The Star Tribune reports that a jury has awarded a St. Louis Park man $125,000, after he accused an off-duty Minneapolis police officer of punching him and knocking him unconscious after an argument in a Minneapolis bar.
Jeremy Axel spent a night in the hospital after the Nov. 4, 2011 altercation with officer Michael Griffin, a decorated seven-year police veteran recently honored for his work as one of the first officers to arrive on the scene after the Accent Signage workplace shooting, the Star Tribune reports.
The jury in the federal lawsuit dismissed two other claims Axel filed against Griffin and another officer, the newspaper reports.
Axel alleged that he and his friends got into an argument with Griffin and his group at the Loop Bar and Restaurant, and that he had left when Griffin – dressed in plain clothes and not identifying himself as an officer – attacked a friend of Axel's. Axel said that when he went to check on his friend, Griffin punched him, knocking him out.
The Minneapolis police union did not immediately respond for comment, the Star Tribune reports. A police department internal affairs investigation remains open in the case, the newspaper says.
Several other cases of off-duty officers involved in scuffles have made recent headlines. Among the most high-profile cases was that of former Minneapolis Police Sgt. David Clifford, who was sentenced last summer to three years and seven months after he threw a punch and knocked out a patron at an Andover bar.
Last month, two Minneapolis officers were fired after a June 29 incident in Green Bay, Wisconsin, in which the off-duty officers got into a scuffle with several men and then used racist language as they argued with local police officers.

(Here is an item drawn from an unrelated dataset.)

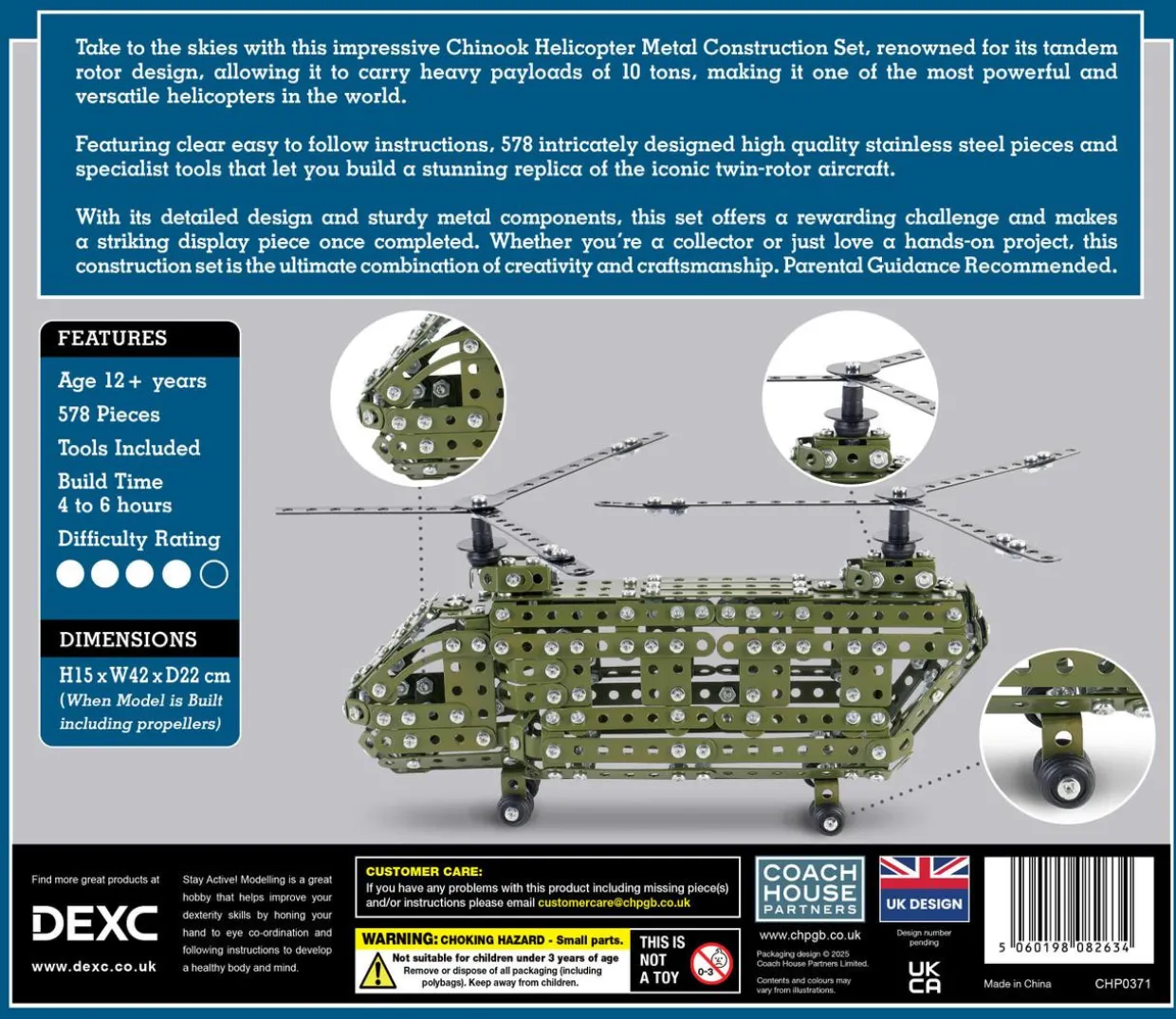 Coach House Partners - Boeing CH-47 Chinook - Metal Construction Set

In related news, the Minneapolis Police Department is defending itself against 61 lawsuits claiming on-duty officers used excessive force that led to injuries, the Star Tribune reported last summer. Of those, 53 were filed from 2011 to 2013. That compared to 19 pending cases in St. Paul, the newspaper reported.
Minneapolis city lawyers say the number of lawsuits is not extraordinary.
Last month, in an effort to reduce complaints of misconduct and police brutality, the Minneapolis City Council approved $400,000 to outfit two-thirds of the city’s police force with body cameras.